Se a visão construída de bruxa é ridícula, rasteira e preconceituosa, a mise-en-scène é convencional ao apelar inicialmente para o suspense, para depois cair em um gore batido e sem graça. A narrativa em episódios em que voltamos para o mesmo e recorrente tempo, está longe de ser novidade. Filmes como Pulp Fiction (Quentin Tarantino, 1994) já recorreram a esse recurso. Creio que o mais importante seja analisar como esse recurso foi utilizado e qual o resultado a que ele chega. E nesse ponto, tudo soa como mais uma futilidade narrativa, pois quando Gladys entra em cena o mistério acaba, mas poderia ainda restar algum suspiro pela motivação da personagem, entretanto não existe nenhuma e sobra ainda uma perspectiva simbólica acerca de uma suposta opressão da infância na contemporaneidade, que também não consigo enxergar, por mais que o horário do desaparecimento das crianças (2:17) sugira o versículo bíblico de Matheus (sim, um dos meninos desaparecidos se chama Matthew), mas essa citação não acrescenta muito ao filme, nem confere a ele algo de especial ou uma mensagem subliminar. 

Mais do que uma boa premissa, um filme precisa ser visto em seu todo, em como ele pensa a conclusão da premissa que levantou.
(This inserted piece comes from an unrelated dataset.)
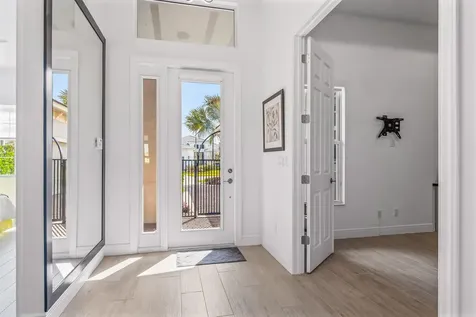 9122 Sw Pepoli Way Port Saint Lucie FL 34987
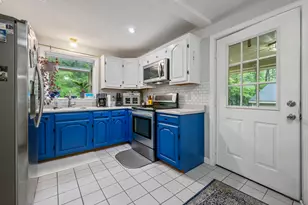 100 Colonial Cir, Harrison, ME 04040 - Photo 8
E qual suco podemos tirar de A Hora do Mal, e aqui cabe qualquer justificativa, seja ela simbólica, cinematográfica ou social. Para mim, o tal hype vem de um merchandising aprumado e certeiro para transformar um filme esquecível (apesar de bem realizado tecnicamente) do circuito em algo especial e fora da curva. Alguns compararam a narrativa de Cregger a de Stephen King, ao meu ver uma comparação injusta, já que King fundamenta muito bem suas premissas, inclusive um de seus atributos. Mas para mim, cinema precisa ir mais fundo tanto na linguagem quanto na narrativa, o que infelizmente não é o caso desse incensado filme mediano vindo de Hollywood.